▸ **Task brief**
Reproduce exactly the lines below from the one containing "OCR-B Regular Version 1.00 Font Sample" through the one containing "CCNet株式会社【提供エリア】三重県 川越町、朝日町、桑名市多度町 愛知県", including both, and nothing else.

▸ **Records shown**

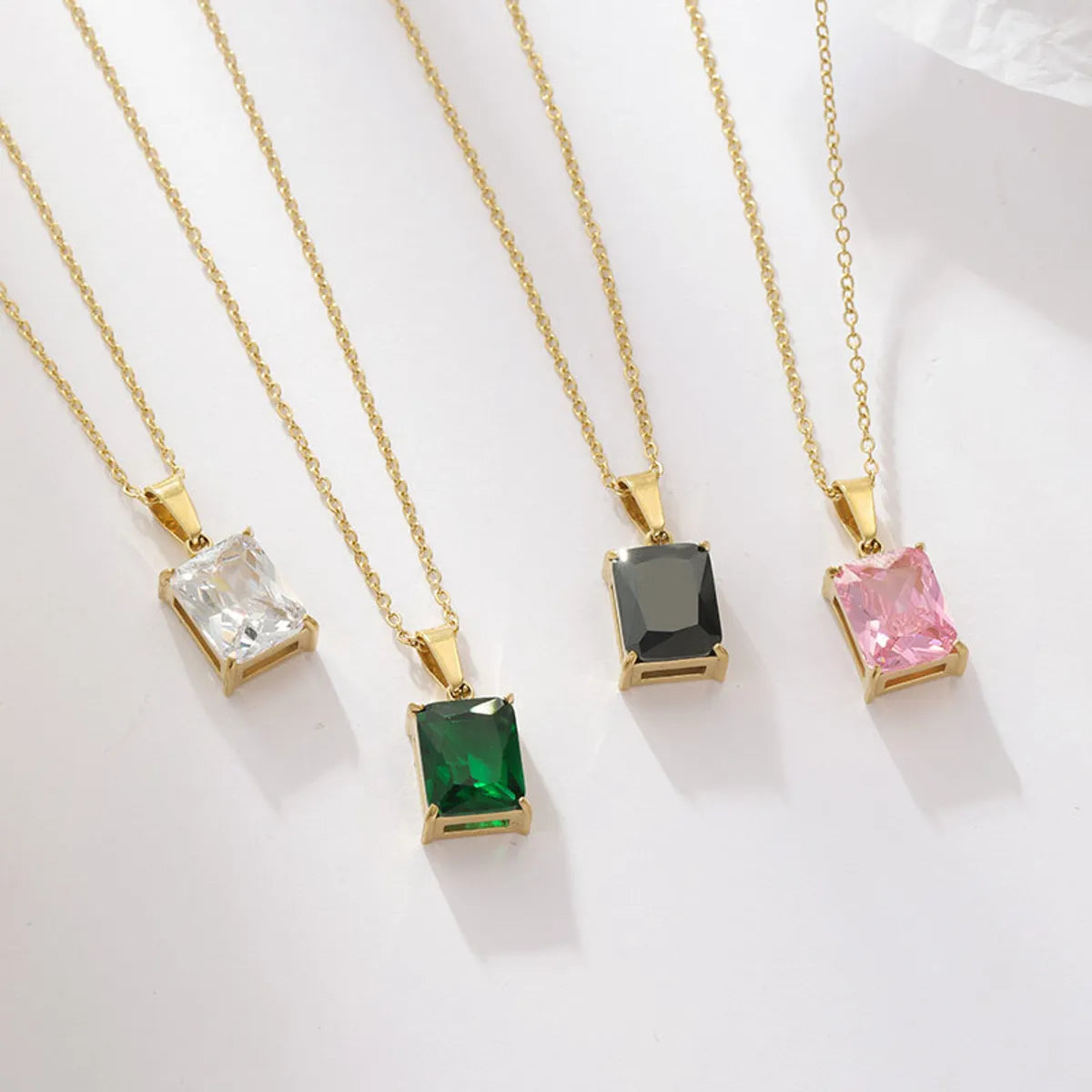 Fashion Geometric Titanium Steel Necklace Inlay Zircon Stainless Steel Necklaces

==

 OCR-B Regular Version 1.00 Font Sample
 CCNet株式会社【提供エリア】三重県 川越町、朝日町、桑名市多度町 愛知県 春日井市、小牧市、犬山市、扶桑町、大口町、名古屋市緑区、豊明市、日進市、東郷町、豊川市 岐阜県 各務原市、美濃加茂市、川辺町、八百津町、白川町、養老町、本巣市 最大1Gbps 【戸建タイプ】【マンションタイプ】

▸ **Finished task**
 OCR-B Regular Version 1.00 Font Sample
 CCNet株式会社【提供エリア】三重県 川越町、朝日町、桑名市多度町 愛知県 春日井市、小牧市、犬山市、扶桑町、大口町、名古屋市緑区、豊明市、日進市、東郷町、豊川市 岐阜県 各務原市、美濃加茂市、川辺町、八百津町、白川町、養老町、本巣市 最大1Gbps 【戸建タイプ】【マンションタイプ】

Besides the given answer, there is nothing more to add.